ACSA and Buell Center select 2024 winners of Course Development Prize in Architecture, Climate Change, and Society

The Temple Hoyne Buell Center for the Study of American Architecture at Columbia University and the Association of Collegiate Schools of Architecture (ACSA) have announced jointly their selection of the 2024 Course Development Prize in Architecture, Climate Change, and Society. 

Courses taught at any ACSA-accredited degree programs were eligible for the program, which this year crowned an overall cash prize winner and three honorable mentions. All courses will be taught at ACSA member schools across the world in the coming years. 

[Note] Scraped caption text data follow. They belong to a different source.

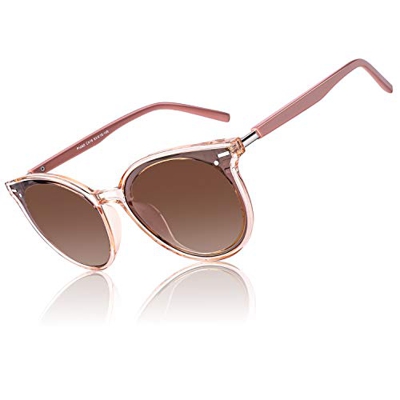 CGID Diseñador GID gafas de sol polarizadas redondas extragrandes para mujer Retro Gafas 100% UV400 Con Sombra Marco Rosa transparente Lente Marrón M6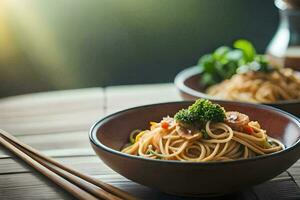 two bowls of noodles with broccoli and sauce on a table. AI-Generated photo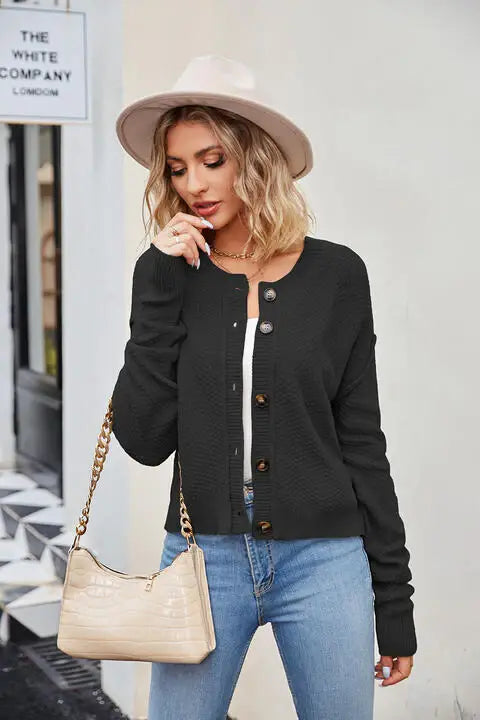 Button Down Exposed Seam Cardigan - Trendsi - Flyclothing LLC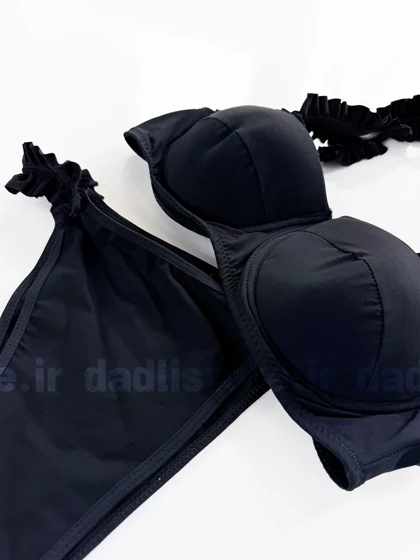 بیکینی کاپ‌دار بند پلیسه ساده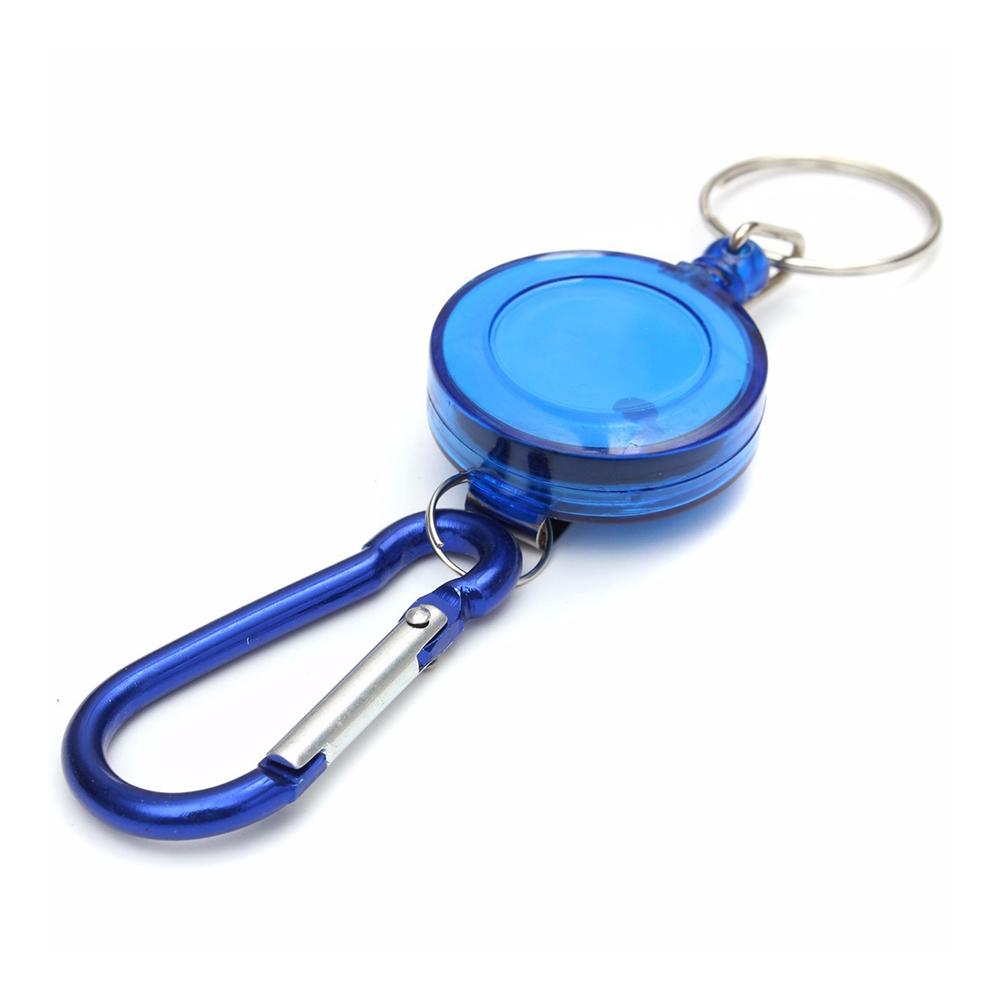 Outdoor Telescopic Carabiner Anti-Lost Keyring EDC Retractable Keychain Buckle синий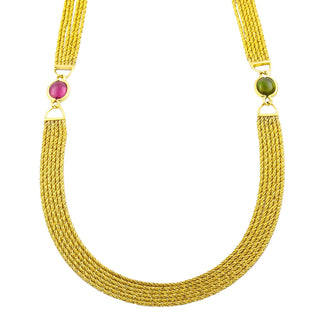 Sechsreihige Kordelkette aus 585 Gelbgold mit Turmalin, nachhaltiger second hand Schmuck perfekt aufgearbeitet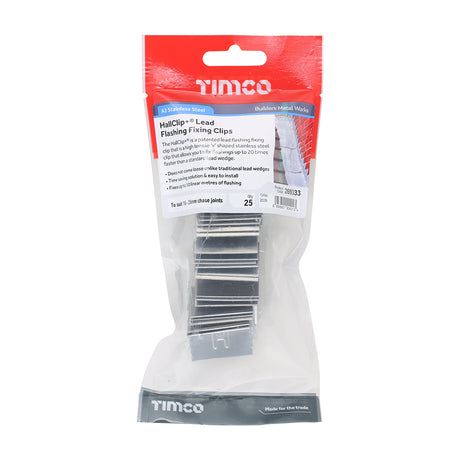 This is an image of Timco - HallClip+Ã‚Â® Lead Flashing Fixing Clips 16 - 26mm (25 Pieces TIMpac) 269333
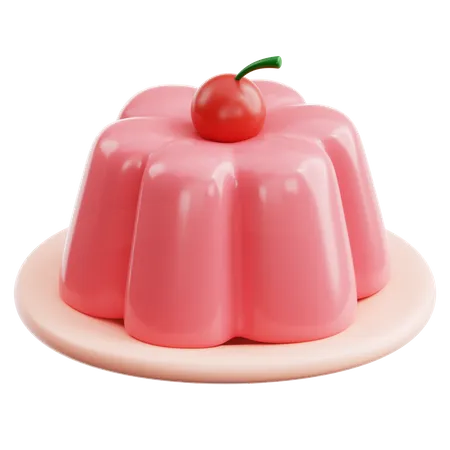 Cherry Pudding  3D Icon
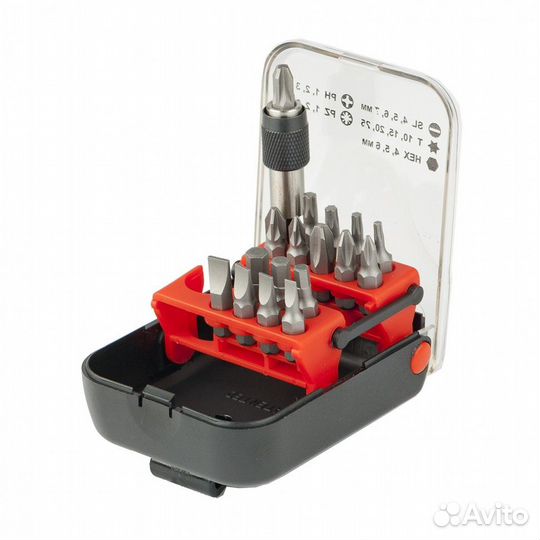 Набор бит, адаптер для бит, сталь S2, 18 предметов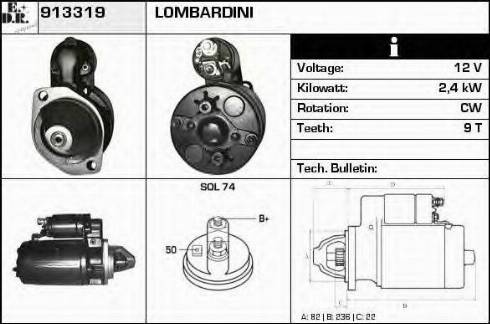 EDR 913319 - Стартер autocars.com.ua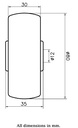 Wheel series 80mm polyurethane on nylon centre 12mm bore hub length 35mm plain bearing 120kg - Wheel dimensions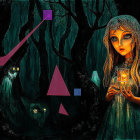 Young girl in mystical forest with glowing orb and shapes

The 2024 Course Development Prize winners are:

Climate | Material | Shelter
Elizabeth Golden & Marc Neveu, University of Washington & Arizona State University 

Description: "The course will advance the University of Washington and Arizona State University’s mission to leverage place, enable student success, and transform society through use-inspired research. Students and faculty from both programs at the University of Washington and Arizona State University will collaborate through in-person visits and virtual meetings and reviews. This proposal is the first of a multi-year, research studio that will explore how earth-based construction (compressed earth block) might be leveraged for sustainable urban development (housing) in the Phoenix metropolitan region. Each year the studio is offered will be organized according to scale — the scale of a wall, the scale of a family, and the scale of a community. Year one will include material testing; Year two will incorporate construction faculty and students; and in Year three students will work with Real Estate faculty and students to develop an economic model in parallel with an architectural proposal. Knowledge and data will be cumulative, with each studio learning and building from the previous year’s investigations."

Honorable Mentions

Demystifying Ecological Thinking in Architecture
Ehsan Sheikholharam, Kennesaw State University

Description: "The syllabus revolves around three sections: the myth of return, the myth of control, and the myth of (liberal) democracy. The course begins by questioning romanticized visions of an idyllic, preindustrial past. Instead, we explore diverse civilizational genealogies and mythologies on the relationship between the human animal and its environment. The next section highlights the connection between the desire for subjugation, hypermasculinity, coloniality, and privatization. The final cluster underlines the tension between the collective needs of the planet and its precarious inhabitants—whether subaltern communities, climate refugees, or endangered species—with identity-based demands for recognition and rights."

Local Repair Ecologies
Cynthia Deng & Lucas Hoops, Tecnológico de Monterrey, Querétaro campus

Description: "Working alongside organizers of various repair networks and community-led initiatives, this interdisciplinary course explores the possibilities of repair as a point of creative departure and builds an open-source atlas of local repair ecologies. Here, ‘repair’ does not seek to restore past conditions, but adapts to future ones — it is a transformative act of care that ranges from mending things and spaces to reparations and ecological repair. In the research seminar students begin with fieldwork, dialogue, drawing, and mapping. We try to make visible the political and social relationships, the spaces, and the material flows that define Querétaro’s distinctive repair ecologies. The studio then asks how architecture can participate in and build on-within-among these intertwined networks of collective care throughout the city, toward reparative futures and new economies."

Collective Comfort II
Liz Gálvez, University of California, Berkeley

Description: "To address equitable-cooling in relationship with an over-reliance on private mechanical, electrically powered air-conditioning technologies, the course sequence aims to develop a public program that re-thinks the cooling center through the combined re-creation of new social dynamics and new environmentalisms that foreground community resilience through collectivity in desert cities. Working collaboratively with design and building science faculty, students will explore the gap between architectural and environmental thinking to develop conceptual, critical, and evocative, yet possible building proposals that address collective comfort."